→ RECORD SET
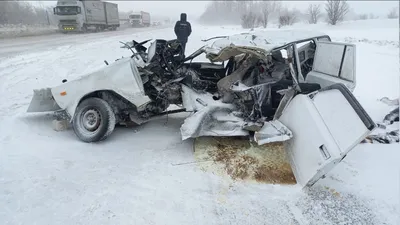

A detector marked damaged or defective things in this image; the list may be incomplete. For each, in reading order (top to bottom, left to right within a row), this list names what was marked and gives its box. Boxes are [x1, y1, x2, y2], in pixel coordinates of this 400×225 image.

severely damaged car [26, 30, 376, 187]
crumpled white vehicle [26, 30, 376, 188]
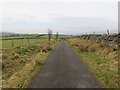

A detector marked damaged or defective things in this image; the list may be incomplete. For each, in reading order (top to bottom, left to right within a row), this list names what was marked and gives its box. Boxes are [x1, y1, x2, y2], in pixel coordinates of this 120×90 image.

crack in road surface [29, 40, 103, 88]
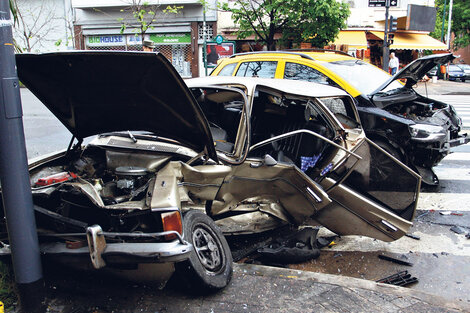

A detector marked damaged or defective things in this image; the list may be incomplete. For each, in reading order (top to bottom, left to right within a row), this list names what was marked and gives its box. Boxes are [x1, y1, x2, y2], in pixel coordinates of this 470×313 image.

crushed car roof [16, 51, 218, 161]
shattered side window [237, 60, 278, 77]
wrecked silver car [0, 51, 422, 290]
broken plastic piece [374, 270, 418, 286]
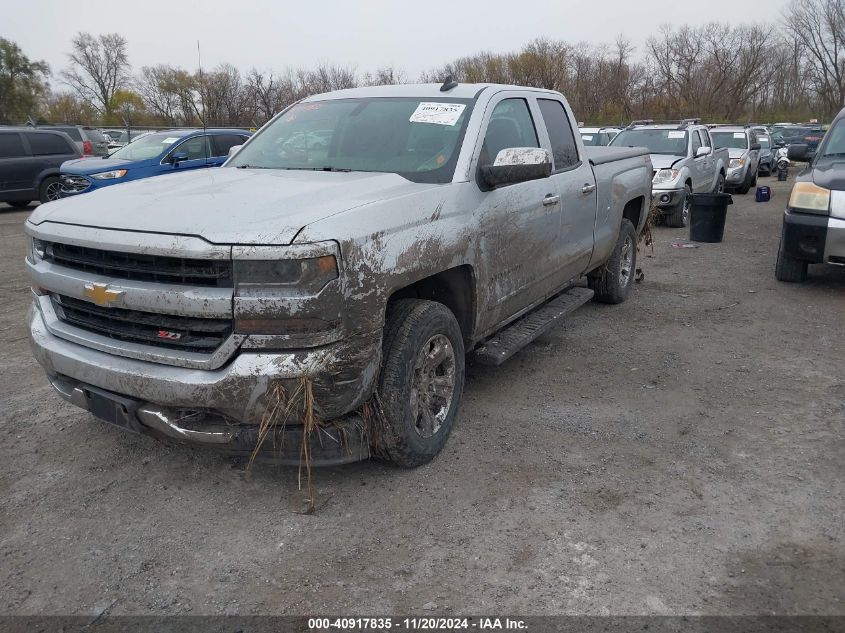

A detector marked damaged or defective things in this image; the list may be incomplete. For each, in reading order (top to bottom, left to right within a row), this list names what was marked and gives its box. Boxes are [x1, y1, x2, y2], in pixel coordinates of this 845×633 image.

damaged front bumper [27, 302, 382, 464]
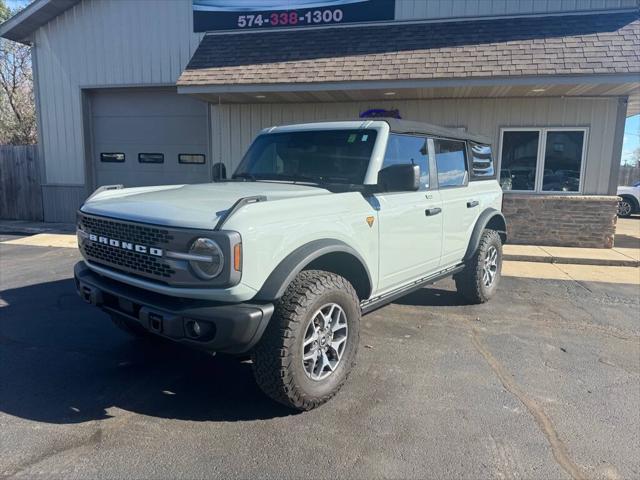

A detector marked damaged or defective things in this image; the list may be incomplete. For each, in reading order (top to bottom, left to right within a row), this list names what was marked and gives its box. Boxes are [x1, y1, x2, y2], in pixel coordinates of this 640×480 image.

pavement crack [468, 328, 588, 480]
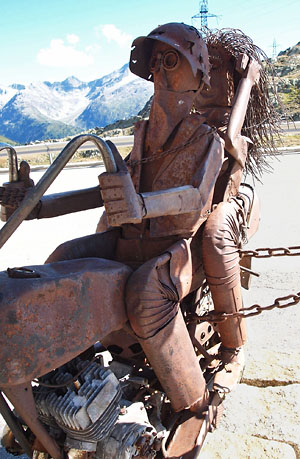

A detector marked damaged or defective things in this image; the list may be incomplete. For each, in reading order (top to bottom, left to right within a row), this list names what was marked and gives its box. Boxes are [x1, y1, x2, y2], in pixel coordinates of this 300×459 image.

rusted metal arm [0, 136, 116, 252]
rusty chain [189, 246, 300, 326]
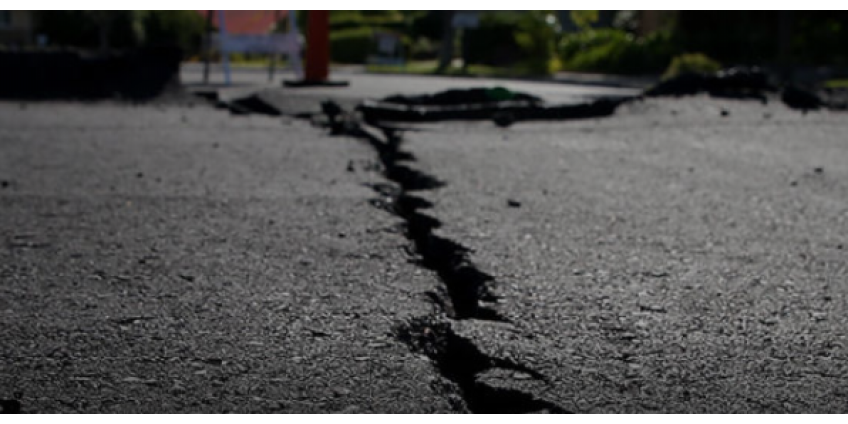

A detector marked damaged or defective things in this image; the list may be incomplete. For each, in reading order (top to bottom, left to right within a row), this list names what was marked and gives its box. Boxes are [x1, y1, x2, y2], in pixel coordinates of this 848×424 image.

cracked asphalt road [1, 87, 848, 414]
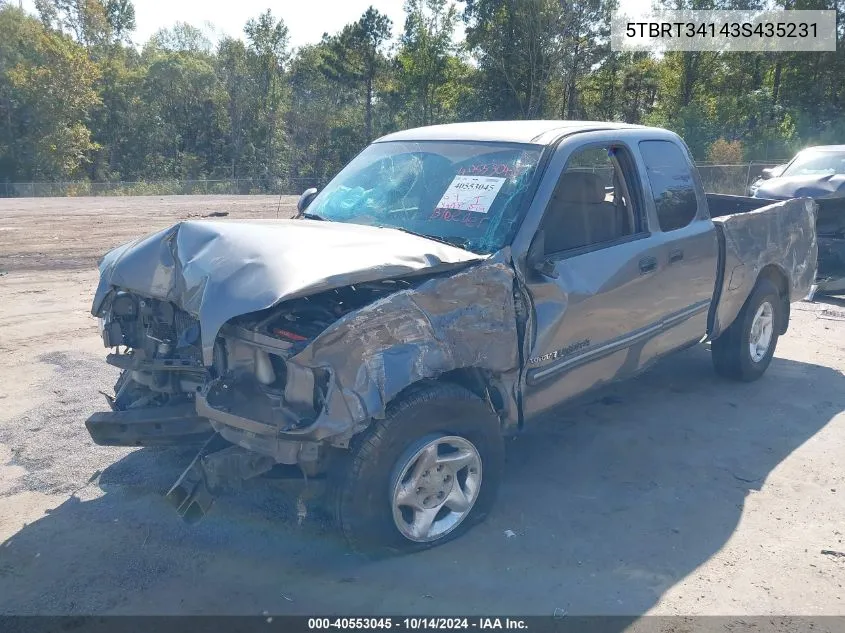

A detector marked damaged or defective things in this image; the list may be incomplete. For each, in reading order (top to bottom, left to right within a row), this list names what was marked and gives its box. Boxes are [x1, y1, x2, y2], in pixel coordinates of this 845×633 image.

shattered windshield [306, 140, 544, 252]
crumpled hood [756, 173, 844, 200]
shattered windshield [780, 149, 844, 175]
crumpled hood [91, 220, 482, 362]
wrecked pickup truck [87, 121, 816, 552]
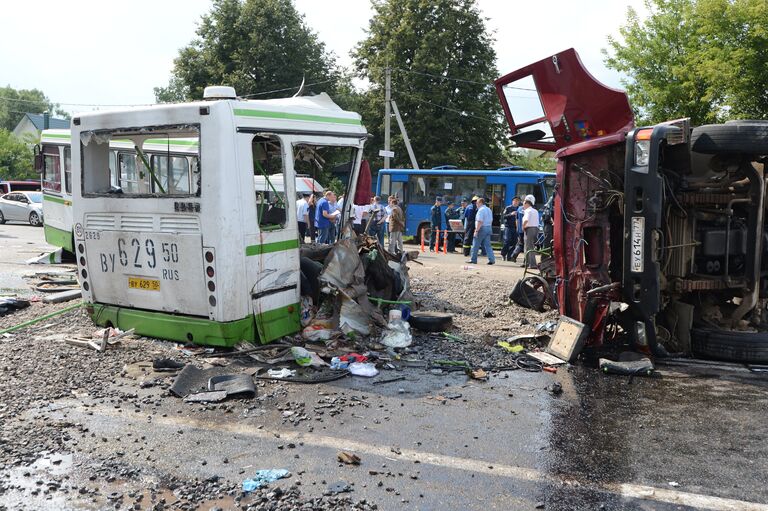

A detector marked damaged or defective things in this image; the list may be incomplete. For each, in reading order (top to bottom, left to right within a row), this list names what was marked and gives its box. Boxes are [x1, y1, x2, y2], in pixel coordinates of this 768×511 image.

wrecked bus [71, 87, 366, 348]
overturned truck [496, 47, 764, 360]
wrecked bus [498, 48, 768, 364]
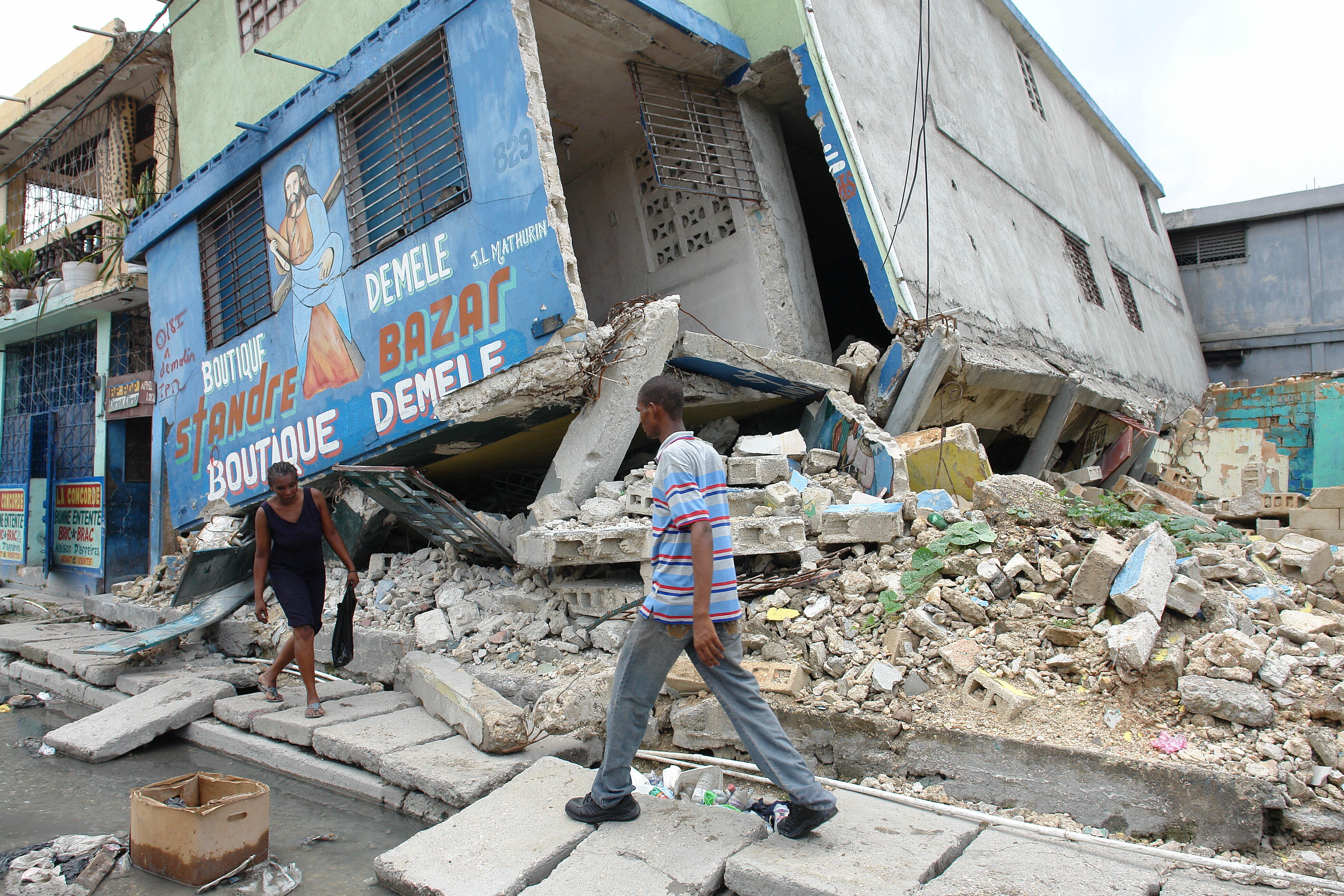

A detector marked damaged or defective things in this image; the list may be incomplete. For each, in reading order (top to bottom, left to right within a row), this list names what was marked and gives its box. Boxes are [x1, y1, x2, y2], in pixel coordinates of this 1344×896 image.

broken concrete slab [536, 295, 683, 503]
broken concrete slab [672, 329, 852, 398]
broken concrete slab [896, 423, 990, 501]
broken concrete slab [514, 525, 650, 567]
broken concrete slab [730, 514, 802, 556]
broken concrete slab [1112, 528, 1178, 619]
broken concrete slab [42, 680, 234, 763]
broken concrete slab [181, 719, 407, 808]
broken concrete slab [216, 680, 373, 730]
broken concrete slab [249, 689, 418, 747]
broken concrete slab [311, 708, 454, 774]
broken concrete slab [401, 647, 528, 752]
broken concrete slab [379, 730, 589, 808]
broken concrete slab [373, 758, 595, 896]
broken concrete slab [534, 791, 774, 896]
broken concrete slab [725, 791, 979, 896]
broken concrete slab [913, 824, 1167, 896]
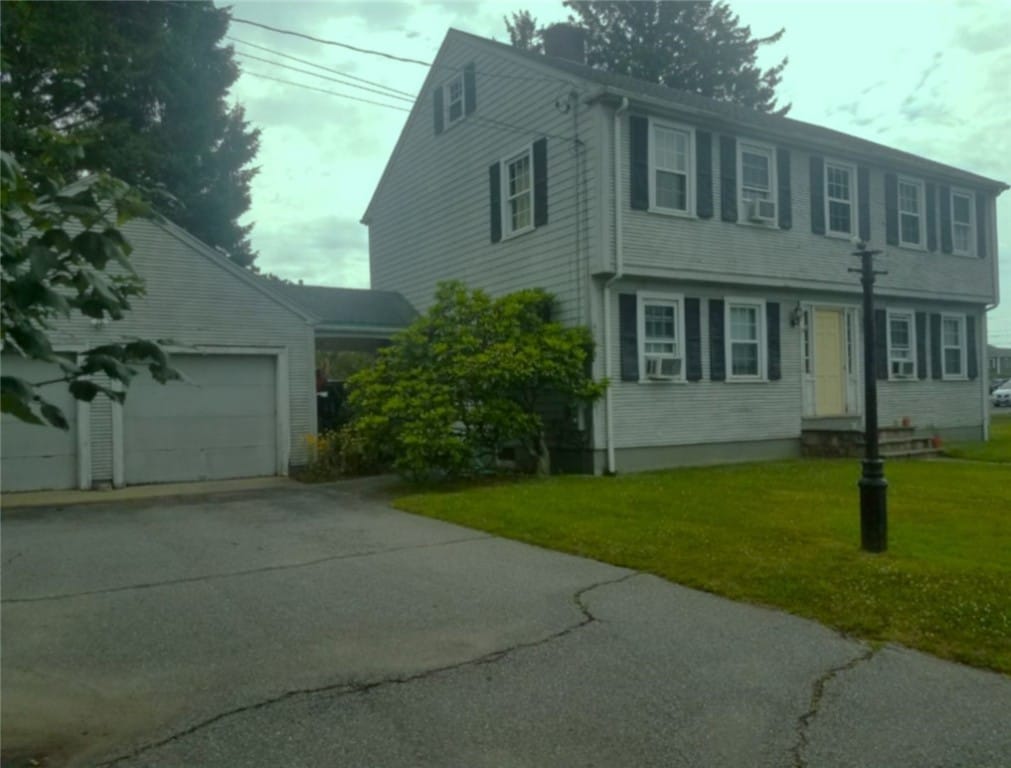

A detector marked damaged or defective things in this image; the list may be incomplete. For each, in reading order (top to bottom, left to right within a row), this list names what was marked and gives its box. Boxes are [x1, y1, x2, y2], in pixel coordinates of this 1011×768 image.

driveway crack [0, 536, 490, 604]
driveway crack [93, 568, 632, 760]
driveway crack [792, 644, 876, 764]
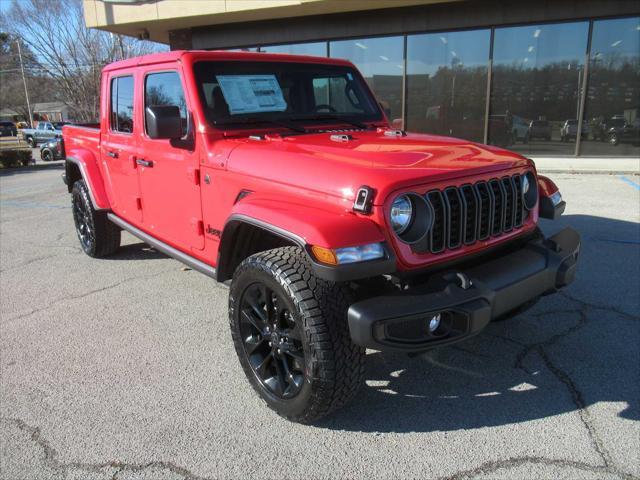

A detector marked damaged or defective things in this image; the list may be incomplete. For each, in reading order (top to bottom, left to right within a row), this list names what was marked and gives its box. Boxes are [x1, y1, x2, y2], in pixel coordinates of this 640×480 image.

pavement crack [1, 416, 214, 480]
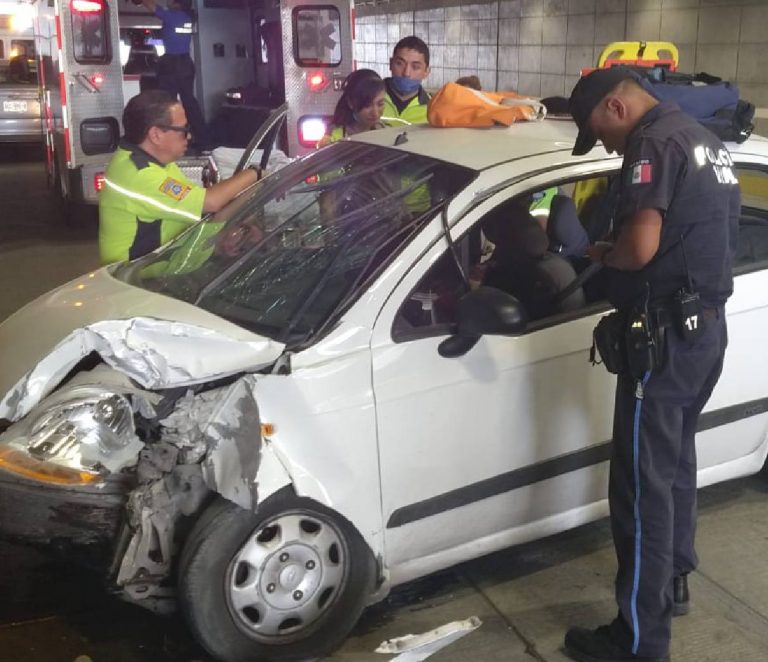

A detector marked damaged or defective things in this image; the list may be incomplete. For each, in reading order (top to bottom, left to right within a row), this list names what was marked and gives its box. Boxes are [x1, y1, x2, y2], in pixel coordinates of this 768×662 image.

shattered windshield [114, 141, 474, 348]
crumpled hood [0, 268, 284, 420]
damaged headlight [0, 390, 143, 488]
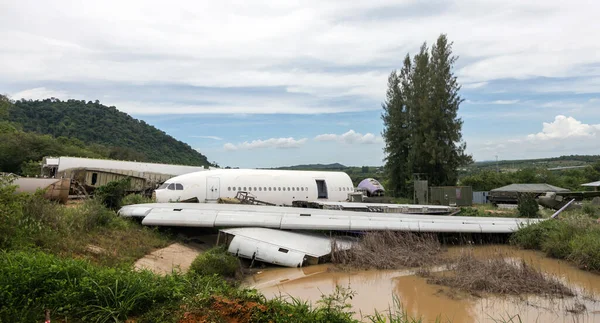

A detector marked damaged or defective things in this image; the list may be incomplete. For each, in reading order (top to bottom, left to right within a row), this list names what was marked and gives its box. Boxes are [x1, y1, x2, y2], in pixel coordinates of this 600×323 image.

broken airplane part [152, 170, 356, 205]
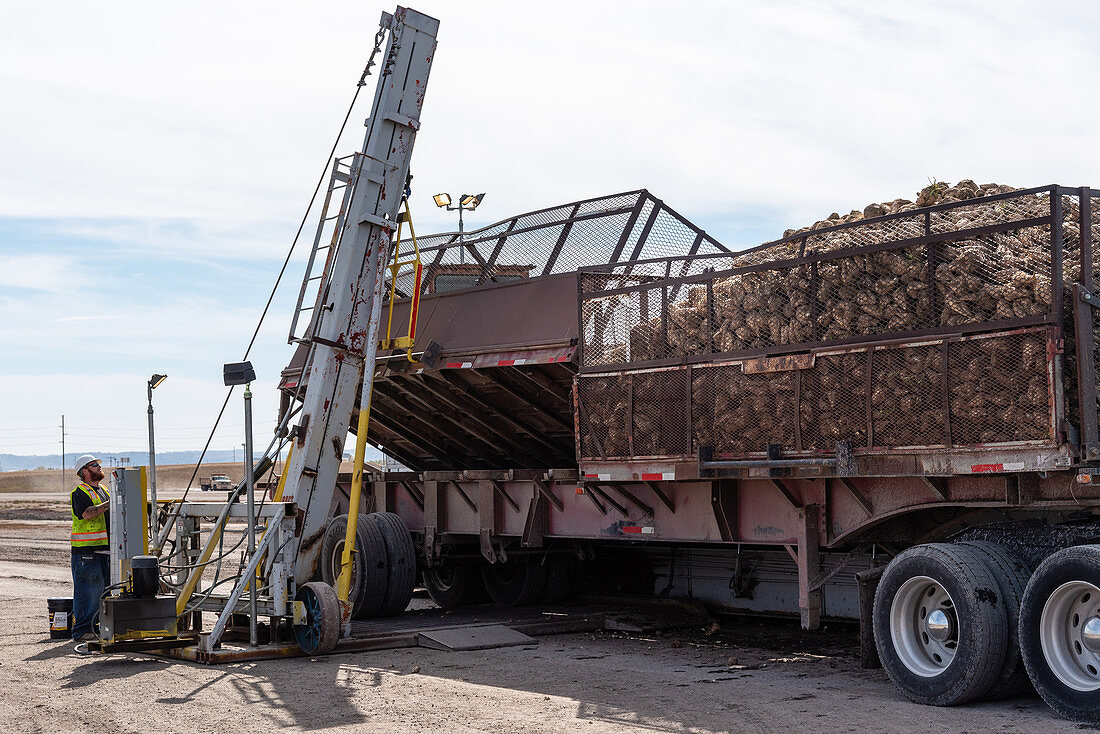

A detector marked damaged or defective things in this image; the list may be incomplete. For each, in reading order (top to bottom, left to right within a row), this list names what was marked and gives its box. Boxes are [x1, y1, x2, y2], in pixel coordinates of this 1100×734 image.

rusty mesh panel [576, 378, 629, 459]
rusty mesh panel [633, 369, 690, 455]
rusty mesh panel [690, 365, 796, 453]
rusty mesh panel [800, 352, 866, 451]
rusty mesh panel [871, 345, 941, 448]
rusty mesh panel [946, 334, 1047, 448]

→ REQUIRED ACTION
Copy every line above exactly; images stay out.

→ TASK SOLUTION
A detector marked damaged or defective things in this image; the list may be incomplete. For each, in reading order (top to bottom, left to right within a row), this list names what was marked and gives its box. Boxes are [x1, y1, x2, y2], in pixel coordinates of this 400×225 image.

severely damaged car [26, 30, 376, 187]
crumpled white vehicle [26, 30, 376, 188]

A detector marked damaged or defective things in this image; the list may be incomplete. For each, in reading order (top to bottom, left to right within a row), this list names what was marked and gives its box. Boxes are [x1, y1, x2, y2], in pixel coordinates of this 120×90 image.

crack in road surface [29, 40, 103, 88]

A detector marked damaged or defective things in this image; the list may be incomplete. For each, in reading order (top to bottom, left to right within a row), this list names what was marked and gives its box. Boxes are [x1, y1, x2, y2], in pixel coordinates of this 470×313 image.

crushed car roof [16, 51, 218, 161]
shattered side window [237, 60, 278, 77]
wrecked silver car [0, 51, 422, 290]
broken plastic piece [374, 270, 418, 286]

A detector marked damaged or defective things in this image; the list may be incomplete. For each, in reading order (top to bottom, left to right within a row), this list names what was marked and gives its box. Boxes are [x1, y1, x2, y2], in pixel coordinates of this 845×633 image.

damaged front bumper [27, 302, 382, 464]

A detector marked damaged or defective things in this image; the list may be incomplete. For each, in reading order (top to bottom, left to right within a row), this list names what was marked and gives its box. Boxes are [x1, y1, x2, y2], in pixel coordinates of this 640×480 image.

pavement crack [468, 328, 588, 480]

A detector marked damaged or defective things in this image; the list may be incomplete. For each, in reading order (top to bottom, left to right within a row), this list names what was marked and gives its box. Boxes are [x1, y1, x2, y2], in pixel coordinates of this 300×459 image.

rusted metal arm [0, 136, 116, 252]
rusty chain [189, 246, 300, 326]

A detector marked damaged or defective things in this image; the list may be incomplete. For each, in reading order (top to bottom, left to right within a row), this list names what was marked and gives its box. Boxes are [x1, y1, x2, y2], in pixel coordinates of this 848×424 image.

cracked asphalt road [1, 87, 848, 414]

A detector marked damaged or defective things in this image; the list may be incomplete. For each, in reading order (top to bottom, left to right within a row), this list names what was marked and gives its box. Boxes are [x1, y1, x2, y2], in pixel coordinates of this 845×633 image.

shattered windshield [306, 140, 544, 252]
crumpled hood [756, 173, 844, 200]
shattered windshield [780, 149, 844, 175]
crumpled hood [91, 220, 482, 362]
wrecked pickup truck [87, 121, 816, 552]

A detector marked damaged or defective things in this image; the list may be incomplete. For each, in reading order (top to bottom, left to right within a row), this list names what was marked and gives its box. Boxes are [x1, y1, x2, y2], in pixel coordinates of this 768×511 image.

wrecked bus [71, 87, 366, 348]
overturned truck [496, 47, 764, 360]
wrecked bus [498, 48, 768, 364]

A detector marked damaged or defective things in this image; the list may be incomplete. For each, in reading order (top to bottom, left to right within a row), this list names what was marked and gives its box. Boxes are [x1, y1, x2, y2], in pixel coordinates of this 1344×896 image.

broken concrete slab [536, 295, 683, 503]
broken concrete slab [672, 329, 852, 398]
broken concrete slab [896, 423, 990, 501]
broken concrete slab [514, 525, 650, 567]
broken concrete slab [730, 514, 802, 556]
broken concrete slab [1112, 528, 1178, 619]
broken concrete slab [42, 680, 234, 763]
broken concrete slab [181, 719, 407, 808]
broken concrete slab [216, 680, 373, 730]
broken concrete slab [249, 689, 418, 747]
broken concrete slab [311, 708, 454, 774]
broken concrete slab [401, 647, 528, 752]
broken concrete slab [379, 730, 589, 808]
broken concrete slab [373, 758, 595, 896]
broken concrete slab [534, 791, 774, 896]
broken concrete slab [725, 791, 979, 896]
broken concrete slab [913, 824, 1167, 896]

A detector marked damaged or defective things in this image; the list may be incomplete. For each, in reading order (top to bottom, left to right within a row), this list names what was marked and gives its box. Boxes are [x1, y1, x2, y2], in pixel coordinates of this 1011×768 image.

driveway crack [0, 536, 490, 604]
driveway crack [93, 568, 632, 760]
driveway crack [792, 644, 876, 764]

A detector marked damaged or defective things in this image; the list may be incomplete. For each, in reading order (top to bottom, left to right within a row), this list names what was marked and gives its box. Boxes are [x1, y1, x2, y2], in pixel coordinates of this 640×480 image.

pavement crack [1, 416, 214, 480]

A detector marked damaged or defective things in this image; the list may be incomplete. For each, in reading order (top to bottom, left to right within a row), this list names what was marked and gives its box. Boxes are [x1, y1, x2, y2], in pixel coordinates of this 768×662 image.

shattered windshield [114, 141, 474, 348]
crumpled hood [0, 268, 284, 420]
damaged headlight [0, 390, 143, 488]

A detector marked damaged or defective things in this image; the list may be incomplete. For each, in reading order (top to bottom, left to right within a row), this list names what was marked and gives its box. Boxes are [x1, y1, x2, y2], in pixel coordinates of this 600×323 image.

broken airplane part [152, 170, 356, 205]

A detector marked damaged or defective things in this image; the list may be incomplete. For each, in reading order (top to bottom, left to right within a row), this list names what was marked and gives its box. Boxes are [x1, y1, x2, y2], in pixel coordinates of this 1100×734 image.

rusty mesh panel [576, 378, 629, 459]
rusty mesh panel [633, 369, 690, 455]
rusty mesh panel [690, 365, 796, 453]
rusty mesh panel [800, 352, 866, 451]
rusty mesh panel [871, 345, 941, 448]
rusty mesh panel [946, 334, 1047, 448]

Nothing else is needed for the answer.